## Data excerpt
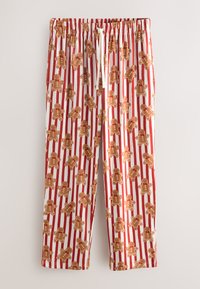 Rood-wit gestreepte pyjamabroek met een patroon van peperkoekmannetjes. Elastische tailleband met trekkoord. Zachte stof, losse pasvorm.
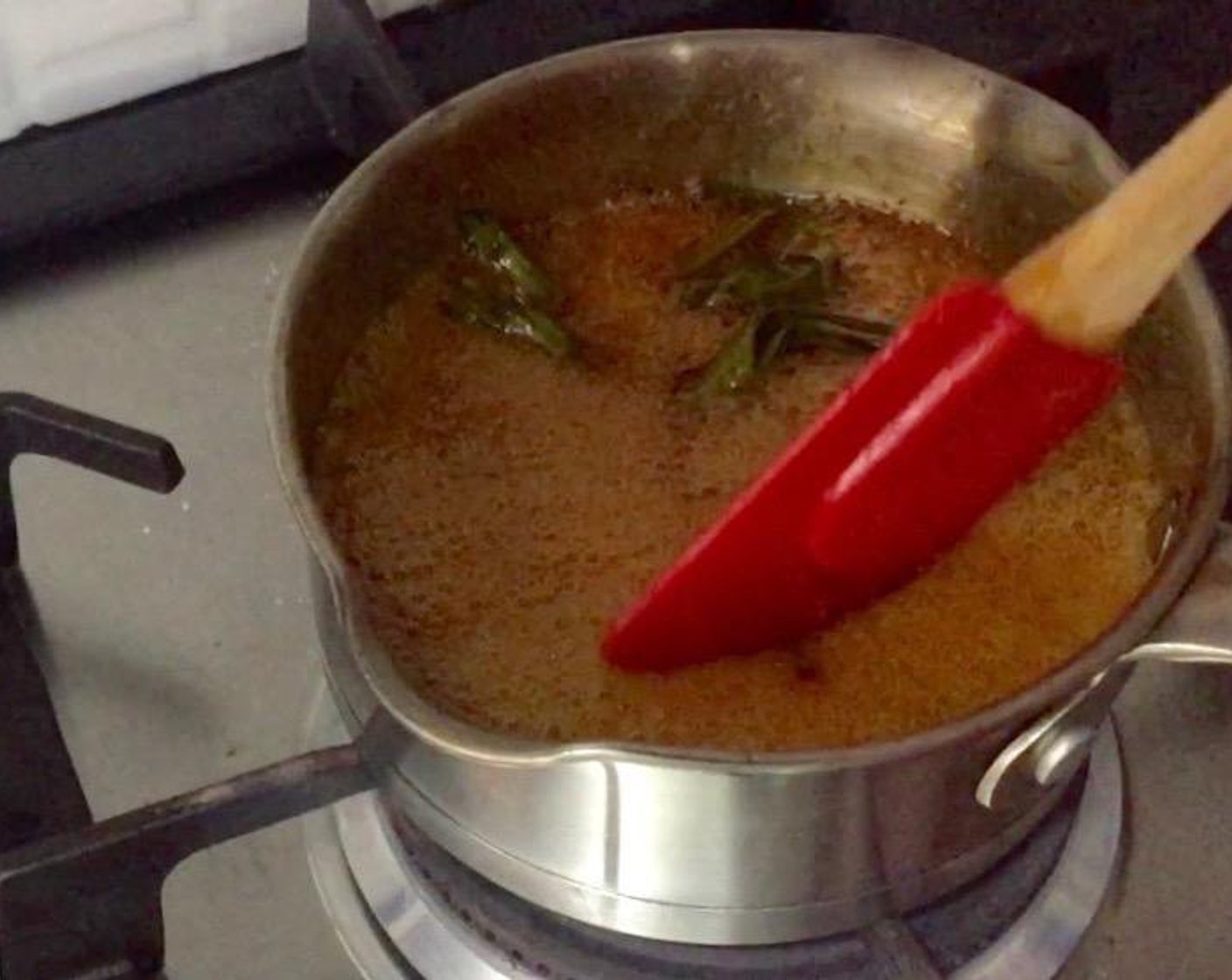 step 6 Bring to a boil till the palm sugar is melted. Stir occasionally.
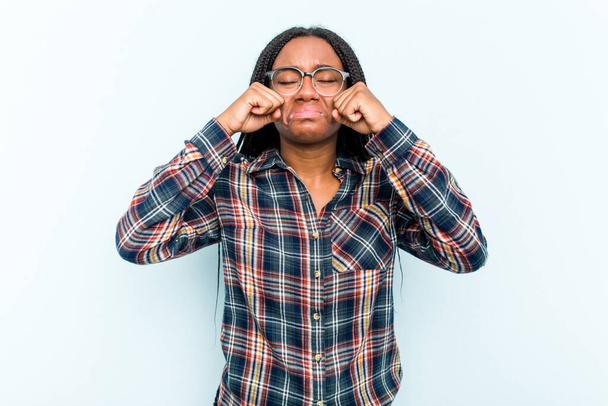 Mladá Afroameričanka s copánky vlasy izolované na modrém pozadí fňukání a pláč zoufale. - Fotografie, Obrázek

## About this exercise
The listing is to be repeated word for word, with all pictures omitted.

## Completed task
 Rood-wit gestreepte pyjamabroek met een patroon van peperkoekmannetjes. Elastische tailleband met trekkoord. Zachte stof, losse pasvorm.
 step 6 Bring to a boil till the palm sugar is melted. Stir occasionally.
 Mladá Afroameričanka s copánky vlasy izolované na modrém pozadí fňukání a pláč zoufale. - Fotografie, Obrázek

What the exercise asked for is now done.